REPUBLIKA.CO.ID, JAKARTA -- Irjen Kemendikbud Haryono Umar mengusulkan agar dana tunjangan sertifikasi guru disalurkan lewat pemerintahan provinsi (Pemprov).
Penyaluran dana tunjangan sertifikasi guru melalui Pemda sering menimbulkan masalah, bahkan utang pemerintah untuk tunjangan sertifikasi guru mencapai Rp 8 triliun lebih.
Dulu, kata Haryono, saat dana Bantuan Operasional Sekolah (BOS) disalurkan melalui Pemda juga banyak masalah, ada yang diendapkan lebih dulu untuk dibungakan.
"Namun setelah dana BOS disalurkan oleh pemprov masalah semacam itu tidak terjadi lagi, makanya bisa juga tunjangan sertifikasi guru ini disalurkan melalui pemprov agar diteruskan ke rekening para guru," katanya di Jakarta, Rabu, (8/1).

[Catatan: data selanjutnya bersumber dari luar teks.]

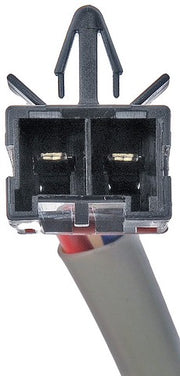 Window Motor and Regulator Assembly Dorman-OE Solutions 741-609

Tunjangan sertifikasi guru, Haryono menerangkan, memang masuk dalam transfer daerah seperti juga dana BOS. Dana ini langsung masuk ke dana APBD yang ditransfer oleh Kementerian Keuangan ke daerah-daerah.
Banyaknya masalah dalam penyaluran tunjangan sertifikasi guru, kata Haryono, disebabkan tidak ada pengawasan terhadap transfer daerah, termasuk penyaluran tunjangan sertifikasi guru.
"Kami bersama KPK, Kemenkeu, dan BPKP masih mencari pola yang paling tepat untuk menyalurkan tunjangan sertifikasi guru agar tepat sasaran," katanya.
Opsi yang paling mungkin, ujar Haryono, menyalurkannya melalui pemprov. Sebab sepertinya sulit kalau Kemenkeu yang harus menyalurkan tunjangan sertifikasi guru langsung ke rekening guru-guru sebab jumlah guru itu bisa mencapai jutaan, jadi paling tepat melalui pemprov.
Memang kalau mau menyalurkan tunjangan sertifikasi guru melalui pemprov mekanismenya harus diubah. "Namun ini tidak masalah, asalkan guru-guru bisa segera mendapatkan haknya, mereka sudah menunggu terlalu lama ada yang dari 2010, 2011, 2012, hingga 2014," kata Haryono.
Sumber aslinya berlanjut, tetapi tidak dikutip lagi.